Umumnya menjadi petani bukanlah pilihan kesadaran lagi, melainkan nasib yang tak perlu lagi dipilih. Meningkatnya jenjang pendidikan kaum muda tak bisa lagi menolong pertanian, justru semakin memperkuat godaan untuk meninggalkan sektor pertanian. Bahkan semakin tinggi pendidikan kaum muda, maka semakin besar potensi untuk pergi dari desa atau sektor pertanian. Hal inilah yang berdampak pertanian kian lesu, akibat kelangkaan tenaga kerja baru.
Ditambah lagi banyak petani yang berusia lanjut dengan efektivitas kerja dan produktivitas yang cenderung menurun. Sehingga tenaga kerja di sawah menjadi tidak lagi optimal, yang menyebabkan produktivitas pertanian pun terancam tergerus.
Dalam perspektif budaya modern, bekerja di lahan pertanian seolah menjadi simbol keterbelakangan yang menghinakan pemuda atau pemudi. Bahkan bekerja disawah dicitrakan dengan pakaian dekil sebagai tanda ketidakberhasilan. Sehingga jika ingin dianggap sukses, kaum muda mesti pergi ke kota untuk bekerja apa saja agar terkesan lebih keren. Ini merupakan pandangan bias kota yang menyesatkan.
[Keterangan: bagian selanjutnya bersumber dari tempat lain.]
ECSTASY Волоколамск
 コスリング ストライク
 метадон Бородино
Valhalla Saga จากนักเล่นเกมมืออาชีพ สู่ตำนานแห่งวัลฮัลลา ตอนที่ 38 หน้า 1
Keterbatasan tanah milik petani juga menjadi penghambat utama kemajuan pertanian. Tanah pertanian banyak yang dikuasai oleh badan usaha raksasa di sektor perkebunan atau kehutanan. Ataupun karena alih fungsi lahan dan pindah kepemilikan tanah dari petani ke kaum elit. Kelangkaan tanah ini menyebabkan involusi pertanian, sehingga terus meredup hingga titik terendah. Karena tak ada pertanian tumbuh tanpa adanya tanah pertanian yang terpelihara secara berkelanjutan.
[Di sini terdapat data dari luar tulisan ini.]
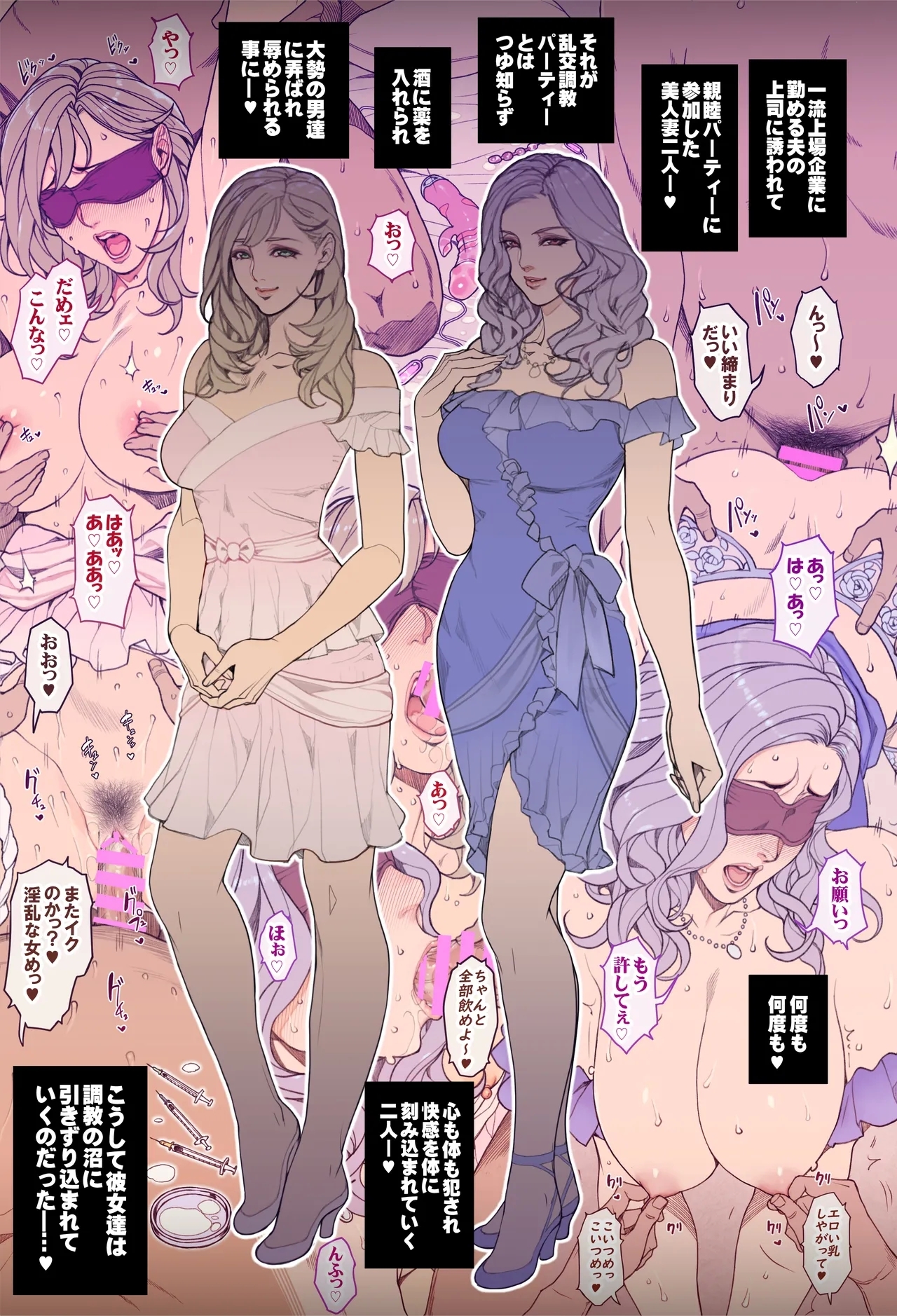 oda non 加筆修正杂图 - Page 10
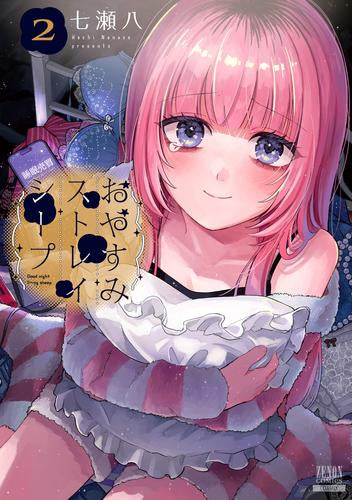 おやすみストレイシープ(1-2巻 最新刊)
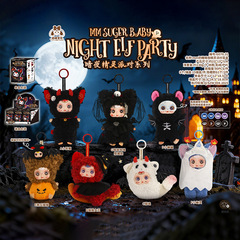 mm奶糖暗夜精灵派对毛绒挂件盲盒装饰书包公仔玩偶万圣节礼物批发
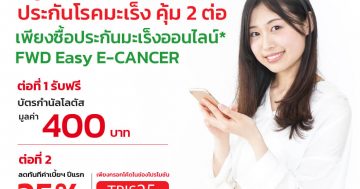 Special Day ประกันโรคมะเร็ง คุ้ม 2 ต่อ FWD Easy E-CANCER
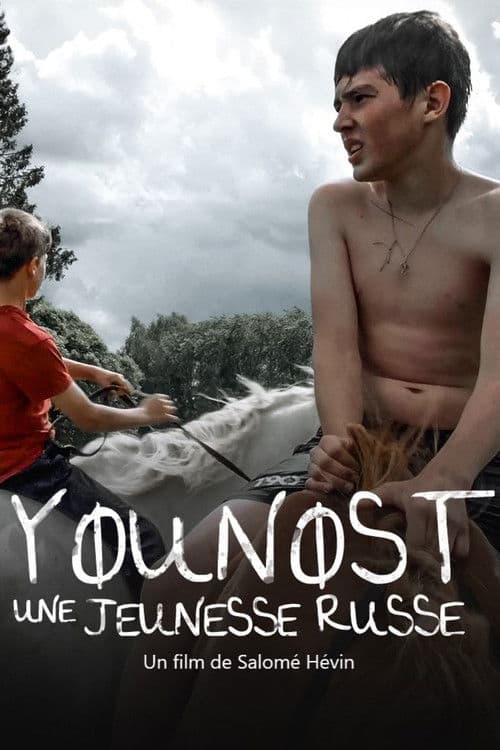 Poster for Younost, une jeunesse russe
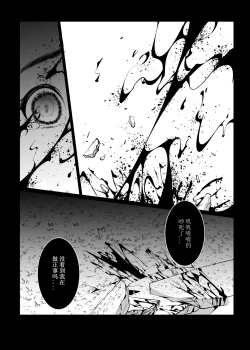 Page 23 of Let’s conquer monsters together 01～05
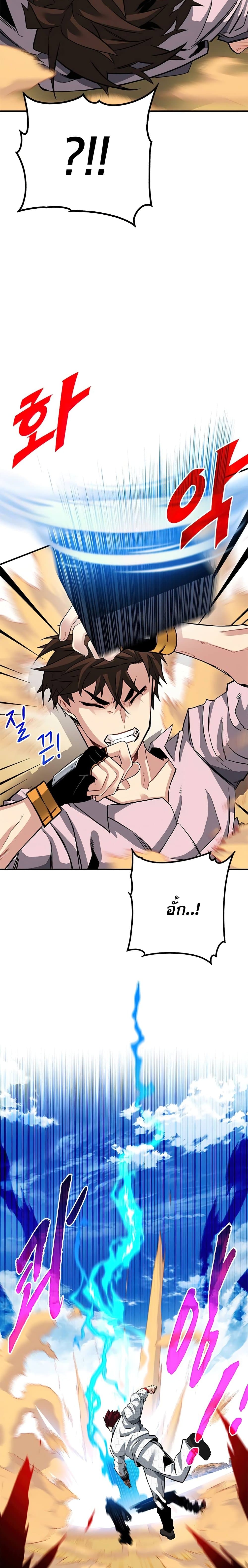 SSS-Class Gacha Hunter ตอนที่ 30 5
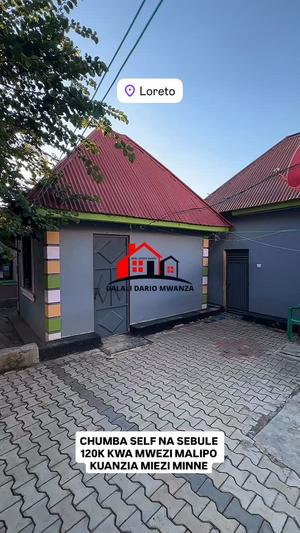 1 Bedroom House for Rent in Mwanza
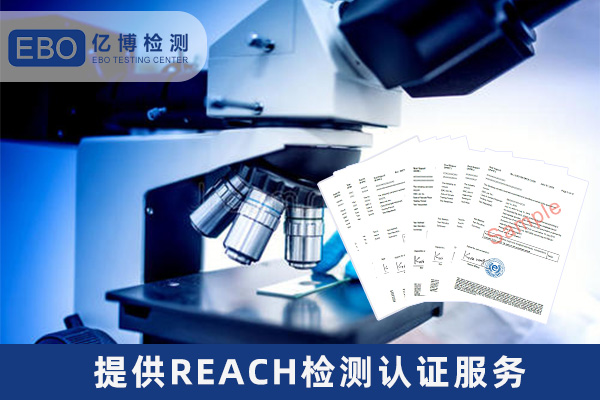 歐盟reach報告是材質證明嗎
Selain tanah, kesulitan lain yang penting adalah benih lokal untuk ditanam dan pupuk organik untuk mengolah tanah pertanian. Demikian halnya dengan sistem teknologi pendukung untuk peningkatan produktivitas pertanian yang lemah kian memperbudak produktivitas pertanian. Kemajuan ilmu pengetahuan dan teknologi informasi di era digital, belakangan ini masih jauh dari jangkauan petani di pedesaan.
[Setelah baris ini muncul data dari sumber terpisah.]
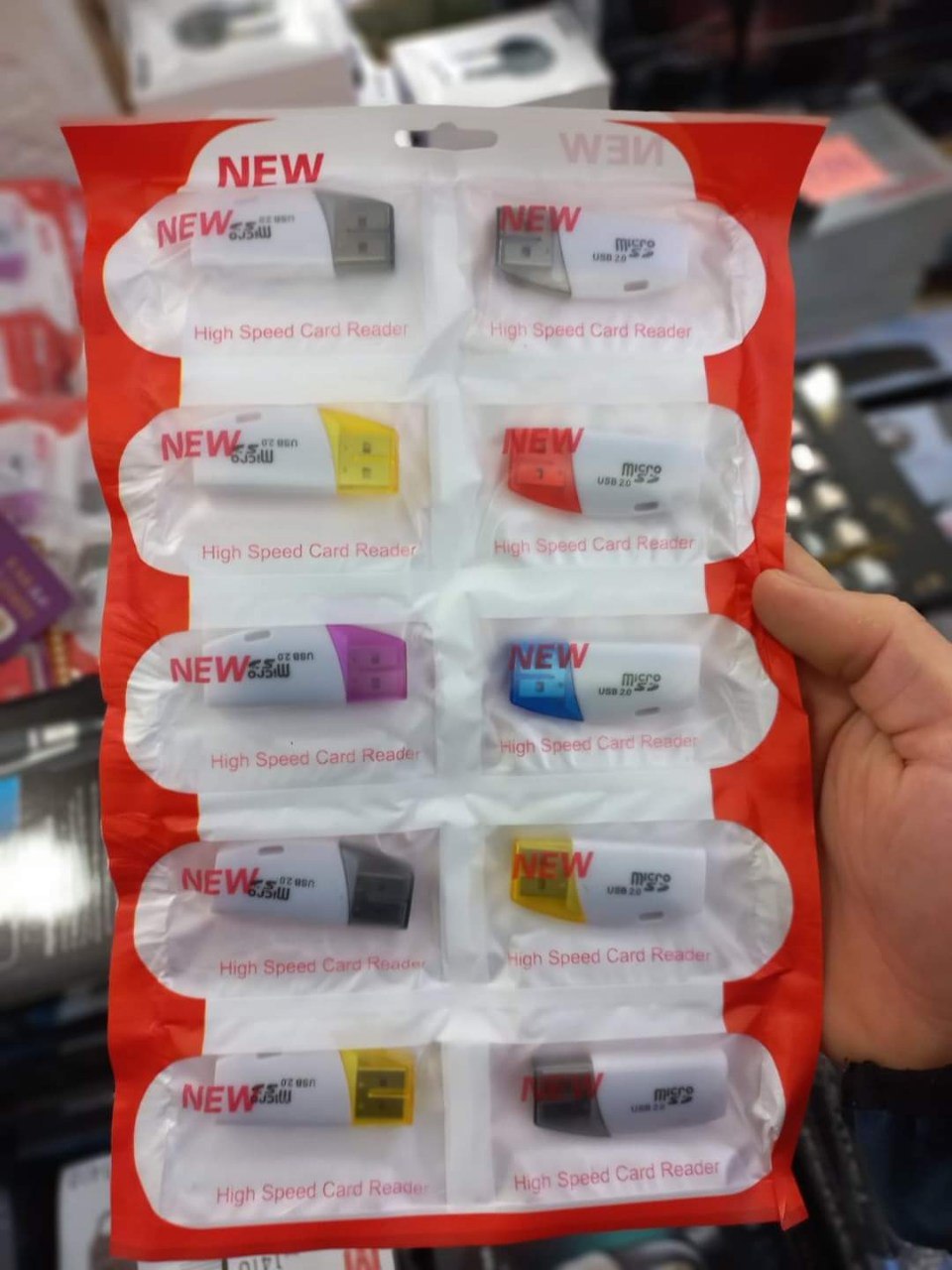 Plastic card reader ১০ পিস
Belum lagi tidak adanya jaminan bagi harga jual produk hasil pertanian, sehingga menjadikan sektor pertanian kalah bersaing dengan sektor lainnya. Ketidakpastian harga yang diterima petani menjadi faktor yang mempengaruhi keengganan kaum muda untuk bertani.
Apabila kaum muda tidak lagi mau bertani, sementara petani yang ada sekarang semakin menua. Pada akhirnya sektor pertanian akan segera berakhir, ketika tak ada lagi generasi petani dan pertanian kehilangan tenaga kerja. Sehingga kita harus bersiap untuk menyambut ketidaksanggupan memenuhi kebutuhan pangan sendiri. Serta kita harus siap menyongsong era dimana pangan didatangkan dari luar negeri.
Citra kedaulatan pangan hanya tinggal cita-cita dalam kenangan, dalam segala upaya menghidupkan pertanian rakyat sudah berakhir. Model produksi pertanian pun bersalin rupa, petani pergi maka datanglah korporasi atau perusahaan raksasa dan penguasaan tanah. Beralih sepenuhnya dari petani ke tangan korporasi di bidang pangan dengan kekuatan modal di tangannya. Korporasi bisa mendapatkan hak atas tanah atau aneka izin usaha di atas tanah dengan relatif lebih mudah dengan modal besar. Bahkan korporasi bisa menggendong berbagai sarana dan prasarana untuk ditebarkan di atas tanah pertanian secara masif.
Modernisasi sistem informasi dan teknologi pertanian semakin mudah digelindingkan. Melalui kemampuan korporasi pertanian pangan yang luar biasa besar ini, bisa dibayangkan produktivitas pertanian sontak meningkat. Jika kemampuan ini terus naik, Indonesia bisa surplus bahan pangan. Ketika produk pangan melimpah dan Indonesia swasembada pangan, tidak mustahil jika kita menjadi eksportir bahan pangan di dunia.